Dave Wade dave.g4ugm at
Fri Jun 19 03:25:46 CDT 2020

> -----Original Message-----
> From: cctalk <cctalk-bounces at> On Behalf Of Peter Coghlan
> via cctalk
> Sent: 18 June 2020 23:11
> To: General Discussion: On-Topic and Off-Topic Posts
> <cctalk at>
> Subject: Re: Synchronous serial Re: E-Mail Formats RE: Future of
> cctalk/cctech
> Ethan Dicks wrote:
> > On Thu, Jun 18, 2020 at 2:42 PM Peter Coghlan via cctalk
> > <cctalk at> wrote:
> > > Thanks for your reply Paul.  My eventual goal is to be able to use
> > > the synchronous serial interface on a MicroVAX to connect to IBM
> > > machines that only support bisync lines.
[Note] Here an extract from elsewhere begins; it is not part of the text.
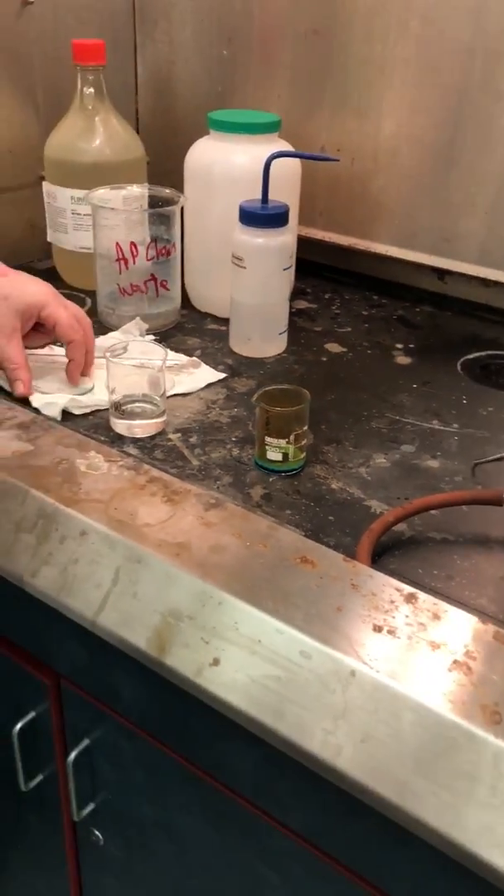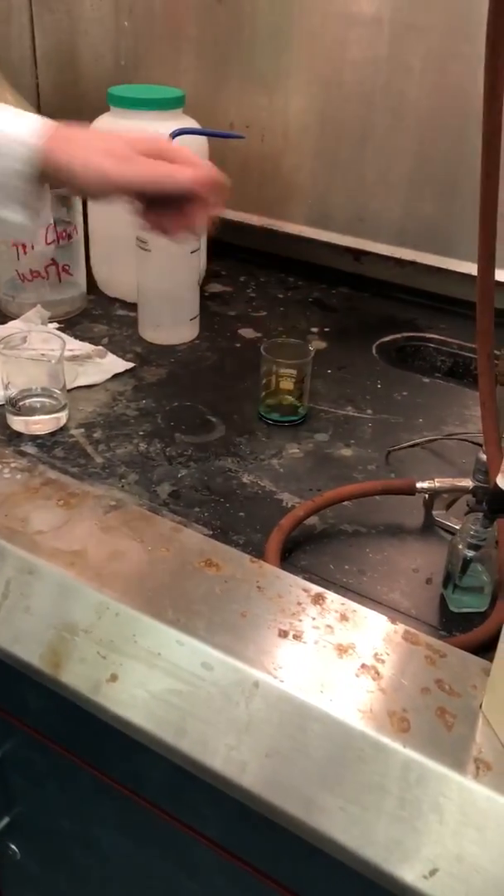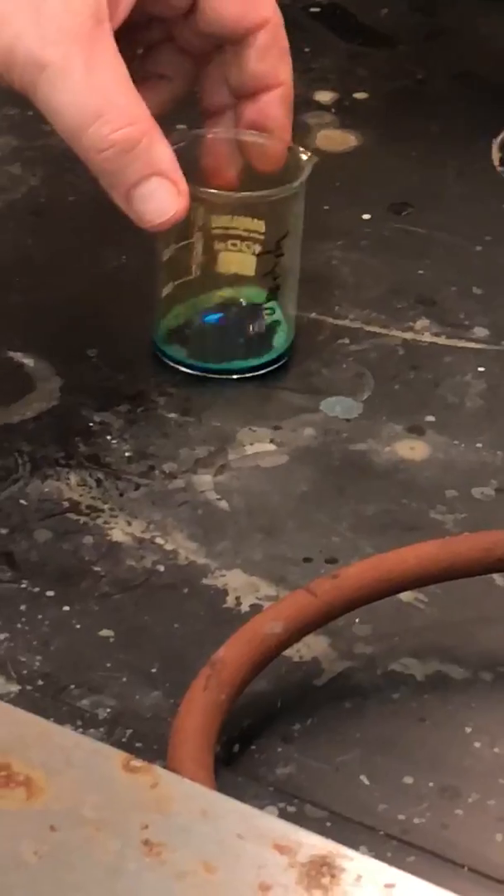You can still kind of see it dancing on there. The beaker is actually very, very hot. But it takes a little bit of time for all that to dissolve.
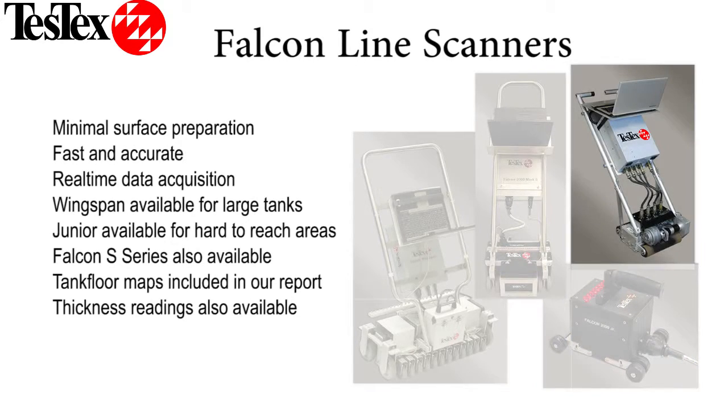We have recently added our Falcon S series to our lineup of tank floor scanners as well, which uses the saturation low-frequency eddy current technique.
I trimmed this because we seem to be missing the crux of clocks and why we need them! 
In async data we take our clock from the edge of the start bit, and we have a stop bit which is really there to stop characters running together.
With sync we just have a stream of digital data and we use the clock to know when to sample it.
There are no stop bits or start bits, and we use a synchronisation character at the start of each block to work out how the characters are positioned in the data stream.
So we need clocks...

Its been ages since I did this but looking here

I see we have a transmit clock output on pin 24,  transmit clock input on 15 and RX clock input on 17.
So if on checking with a scope I have clocks on 24, I would try linking 24 and 15 on one side to 17 on the other side.
If you have only one clock running then that goes to 15 and 17 on both ends....
.... as suggested here:-

This assumes you have RS232 interfaces. If its X21 then eliminators are available on e-bay for a few pounds.